Five European Union countries on the Mediterranean who fear possible waves of refugees driven by hunger out of Africa called on Saturday for an end to the EU’s “voluntary” solidarity with migrants and for a better way to redistribute the burden of caring for them.
Interior ministers from Italy, Cyprus, Greece, Malta and Spain concluded two days of talks in Venice over fears that the blockade of Ukrainian grain exports due to the Russian invasion could see a large number of refugees from Africa flood southern Europe.
Cypriot Interior Minister Nicos Nouris told reporters that a common and strong EU policy was needed on migration. “Solidarity is not a slogan, nor can it be devoid of substance,” Nouris said.
Past EU policies in which member countries could offer to take in some of the hundreds of thousands of migrants landing in Italy, Greece and other southern shores have proven utterly inadequate.
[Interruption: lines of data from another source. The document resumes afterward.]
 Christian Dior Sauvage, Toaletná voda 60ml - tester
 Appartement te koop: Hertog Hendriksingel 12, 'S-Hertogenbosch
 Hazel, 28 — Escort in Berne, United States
Many EU countries did not come forward. Others, despite pledging to receive small numbers of some of the hundreds of thousands of migrants rescued from unseaworthy smugglers’ boats, have not followed through.
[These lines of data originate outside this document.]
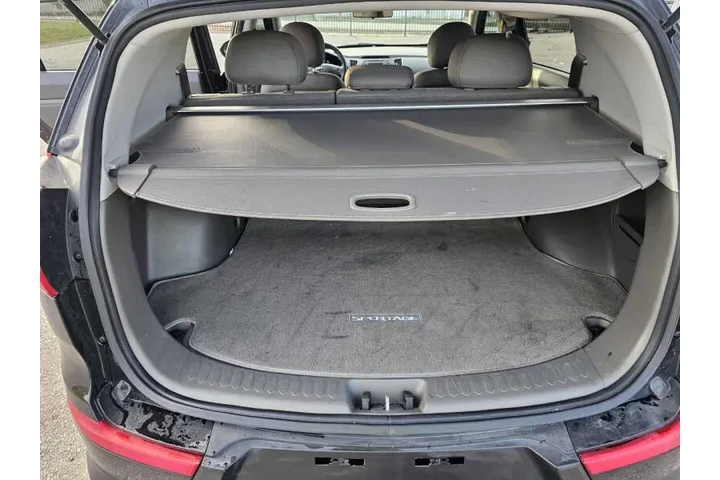 $4995 : 2013 Sportage LX image 9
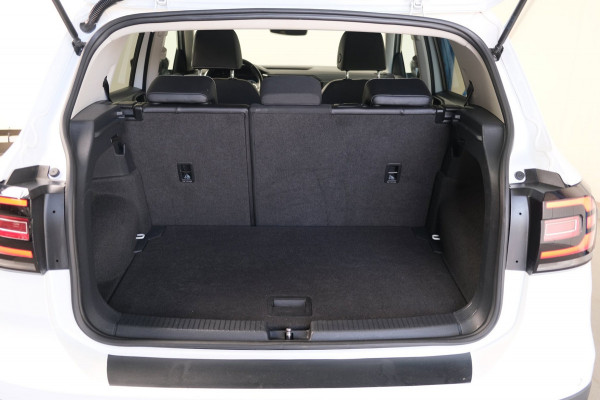 Volkswagen T-Cross 1.0 TSI Life - N.A.P. Airco, Cruise, PDC, Navi.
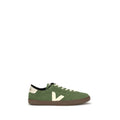 Veja Bicolor Calf Leather Bos Taurus Sneakers
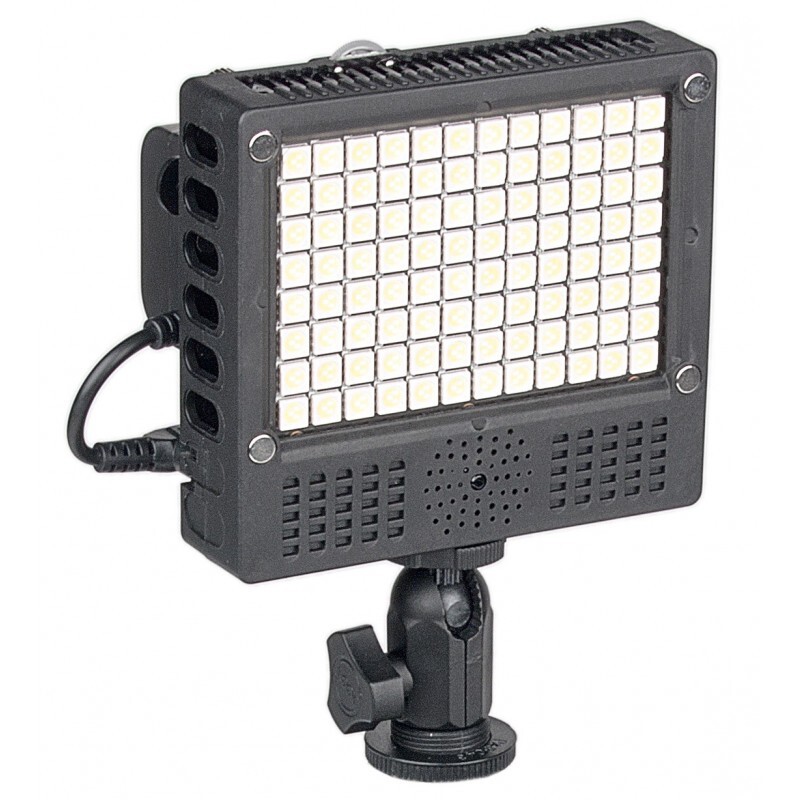 Kaiser LED Camera Light 3-Chip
“Solidarity in our spirit cannot be voluntary,” Nouris said.
He noted that after several years of Cyprus hosting migrants, 5% of the Eastern Mediterranean island nation’s population now consists of asylum seekers.
The meeting did not address the millions of Ukrainian refugees who have recently flooded into northern EU countries such as Poland, Hungary and Romania.
How Europe handles large numbers of migrants now takes on particular urgency, amid fears that drought in Africa and soaring food prices even before the war could make it impossible to ship Ukrainian grain to Somalia, Egypt and other poor countries, which could increase the already alarming number of hungry people.
In the Sahel, the part of Africa just below the Sahara Desert, around 18 million people face severe famine as farmers endure their worst production season in more than a decade.
Italian Interior Minister Luciana Lamorgese cited Ukraine’s grain blockade as yet another reason for the EU to develop an “adequate mechanism for the distribution of migrants” among its members.
She also urged that more repatriation deals be struck with countries whose people seek a better life in Europe but whose asylum claims have been rejected because they are fleeing poverty, not war or persecution.
Italy has an effective repatriation agreement with Tunisia, but not with most other African or Asian countries whose citizens take smugglers’ boats to try to reach southern European shores. As a result, even if their asylum applications are unsuccessful, many migrants remain in Italy, often taking illegal jobs or resorting to begging.
The Greek Interior Minister expressed his support for more legal channels for migration.
“We cannot let smugglers decide who comes to live in Europe,” Minister Notis Mitarachi told reporters.